If you know anything about Jim Fox, it’s probably that he was once a professional basketball player for the Phoenix Suns. What you might not know, however, is that he’s also an accomplished watercolorist and that he’s helped his daughter-in-law, Phoebe Fox (sometimes lovingly known by her family as mama Fox), illustrate two of her children’s books.
Phoebe grew up reading, though, as a kid, it was hard for her.
“I was always a slow reader. Picture books are my favorite. My parents read to me every night when I was little, and I still have all of my childhood books in my collection,” Phoebe said.
Before she was an author, Phoebe was a teacher and a librarian. She’s been around books her whole life, but it wasn’t until 2015 that she got serious about writing.
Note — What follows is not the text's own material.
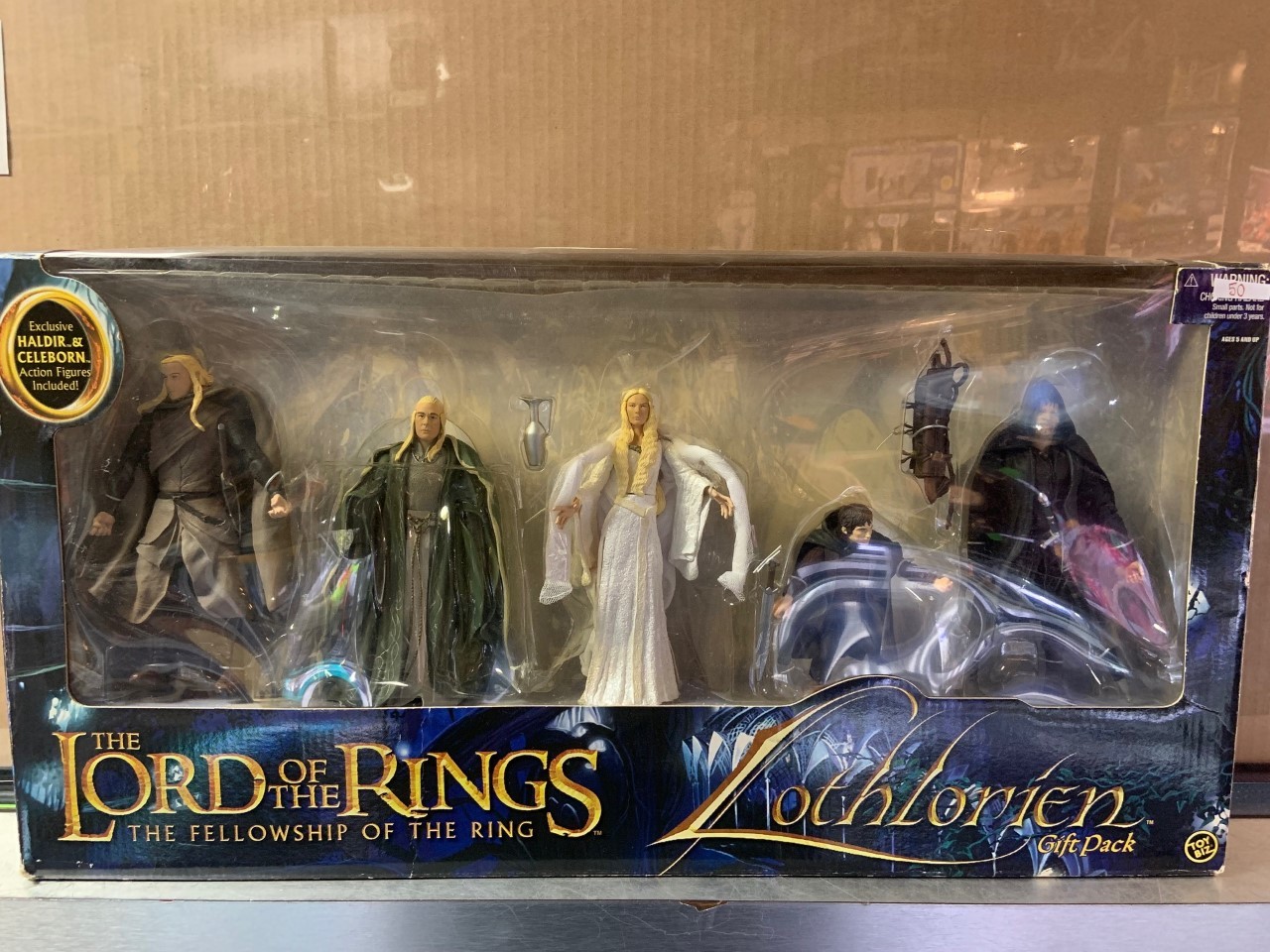 Lord of The Rings: The Fellowship of the Ring Lothlorien Gift Pack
“Back in college, I was a volunteer at the Civic Center Library. One day I picked up a book about writing for children. My husband and I spent a summer in Riomaggiore, Italy, where I studied that book and focused on creating stories,” Phoebe said.
In 2015, Phoebe submitted a manuscript for one of her books, and it won a national contest run by First Edition Project, a program offered through Southwest Human Development that helps promote early literacy nationwide. Phoebe credits that win for kicking off her writing career.
Her newest book – Babies Bond – is the sixth that she’s published. Others include Up Up Up, Starry’s Haircut, Starry Gets Lost, Panda Proud (written to celebrate the 20th anniversary of the Arizona nonprofit PANDA) and Babies Nurse, which was illustrated by Jim.
Babies Bond was introduced in late-August, and it highlights the relationship between mammal mothers and their offspring.
“Animals have always fascinated me, and there’s nothing sweeter than seeing a mama taking care of her baby,” Phoebe said. The book is written in sixteen haiku poems with four pages of animal “fun facts.”
“It is a wonderful learning tool and a gentle introduction to haiku poetry,” Phoebe said. “I’ve always enjoyed writing poetry. It’s rare to find a children’s book written in haiku, and I thought it would be a good way to introduce this form of poetry to young children.”
Jim has been painting in watercolor for almost 15 years. This book is the third that he’s illustrated.
“When I first started, I wanted to paint everything that appealed to me. Nothing was safe from my brush,” Jim said. “Thanks to Yvonne Joyner, my first teacher, I wanted to attempt portraits, probably because she was so good at capturing expressions. She suggested that I take a workshop from renowned portrait painter Ted Nuttall. After that workshop, I was drawn to portraits, and they are 90% of what I now paint.”
Phoebe is currently searching for a literary agent and hopes to continue sharing her stories with children. All six of Phoebe’s books are available on her website.